Dementia and Normal Aging

Dementia vs Normal Ageing

Dementia, a collective term, used to describe a progressive cognitive decline is usually observed in the elderly. This syndrome affects one’s activities of daily living, behavior and cognitive ability. While some symptoms of dementia are similar to normal aging, the diagnosis of dementia factor into a wide variety of symptoms. Usually, dementia is preceded by a deterioration in one’s emotional control, behavior and motivation.


We all experience some amount of forgetfulness. However, people with dementia find it difficult to recall things that were once easy for them. This is the most common sign of dementia.

What happened in dementia?
In this, a person forgets information recently learned important dates or events. They tend to ask the same question or repeat the same information. They need memory aids and family members to help them do things that they could easily do. 

How is it different from normal ageing?
Forgetting names, dates, or appointments but remembering them later. 

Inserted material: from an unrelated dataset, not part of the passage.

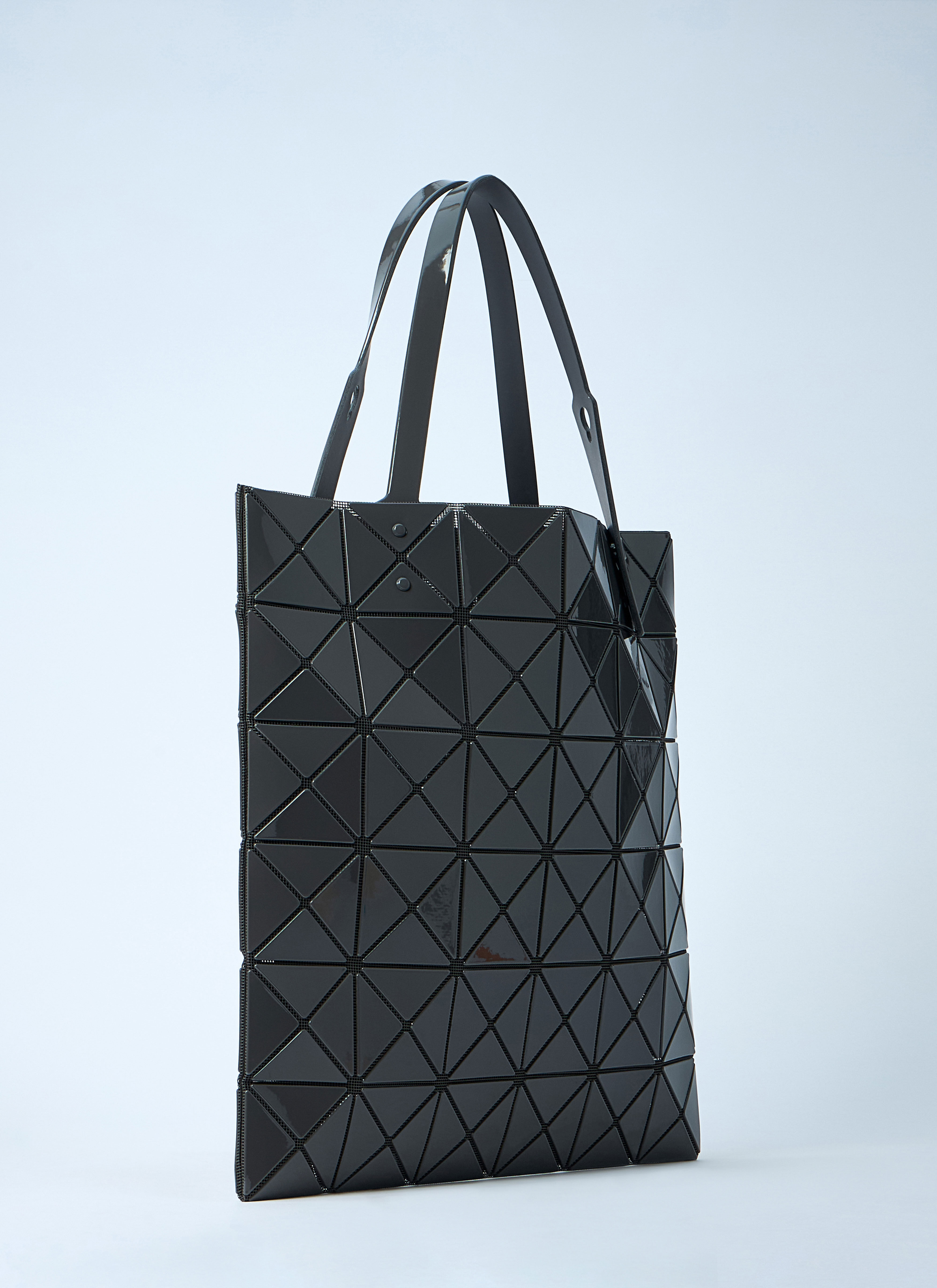 Lucent Tote Bag - 2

We’re now going to take your through the common changes noted in the elderly and help you differentiate how it looks for people with dementia and forgetting in normal aging.

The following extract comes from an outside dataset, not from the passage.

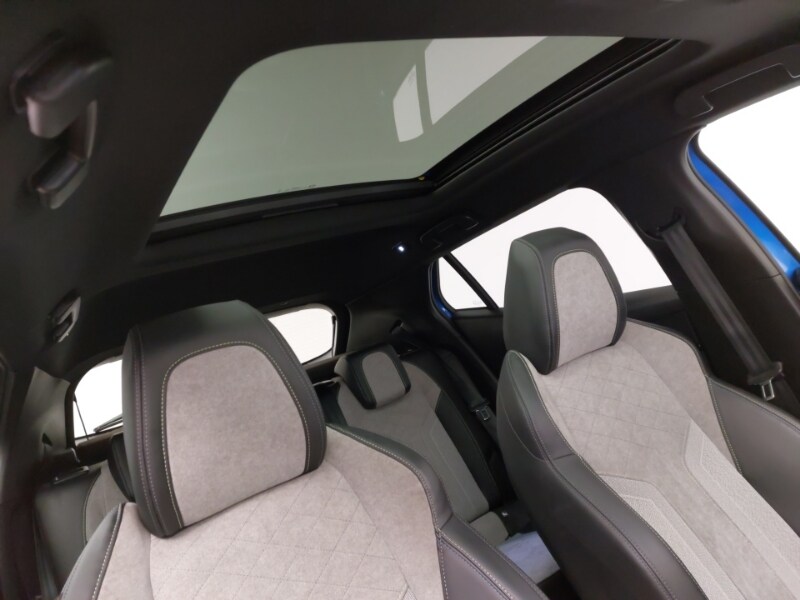 Used Peugeot 2008 2021 for sale - 77509324: Photo 15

  • Difficulty Planning and Organizing

Some people find it difficult to develop or follow a plan or work with numbers. It usually shows up in difficulty with basic calculations, paying bills, taking change from a teller, following a recipe. They may have difficulty concentrating and take a lot longer to do things 

How is it different from normal aging?
Making occasional errors on a specific project plan or work. 


  • Difficulty completing familiar tasks

Some find it difficult to manage a budget, drive/walk to a familiar location, or remembering basic rules. 

How is it different from normal aging?
Occasionally needing help with tasks. 


  • Confusion with orientation to time and place

 Some people with dementia often lose track of dates, seasons and passage of time. They may feel lost and cannot remember exactly where they are. They may forget where they are or how they got there. 

How is it different from normal aging?
Getting confused about the date, day of the week or time but figuring it out later. 


  • Difficulty understanding visual images and spatial relations

Some people find it difficult to read, judge distance, determine color and contrast. They may walk past a mirror and not recognize themselves in the mirror. 

How is it different from normal aging?
Vision changes related to cataract or a change in eye number. 


  • Problems with words, writing or speaking

Some people with dementia may experience new problems in remembering the right word, writing a familiar sentence or participating in a conversation. They may tend to stop in a middle of conversation, repeat themselves and find it difficult to continue the conversation. 

How is it different from normal aging?
Occasionally finding it difficult to find the right word. 


  • Misplacing things and difficulty retrieving them

Some people may begin to put things in unusual places, lose things and unable to backtrack to find it again. They may often accuse people of stealing things because they cannot remember where they kept it or what they did with it. 

How is it different from normal aging?
Misplacing things like spectacles, remote or a watch but finding it later. 


  • Decreased poor judgement

 Some people with dementia may experience a drop in their ability to make decisions and judgement. They may pay less attention to their hygiene, and grooming.

How is it different from normal aging?
Occasionally making a bad decision.


  • Withdrawal from Social Activities

Some people with dementia tend to distance themselves from their hobbies, work, and avoid social interaction. They may find it difficult to keep up with sports they ardently followed, difficulty remembering the rules of a game, difficulty remembering how to complete their favorite hobby and avoid social interaction because of these changes. 

How is it different from normal aging?
Occasionally feeling unmotivated, fatigued of work, weary of social obligations and tired of family


  • Changes in Mood and Personality

Some people with dementia feel confused, disoriented, depressed, fearful, suspicious or anxious. They may easily feel agitated, frustrated, and upset with people at home or at work.  

How is it different from normal aging?
Developing certain ways of doing things and becoming irritated when things are tampered with or changed.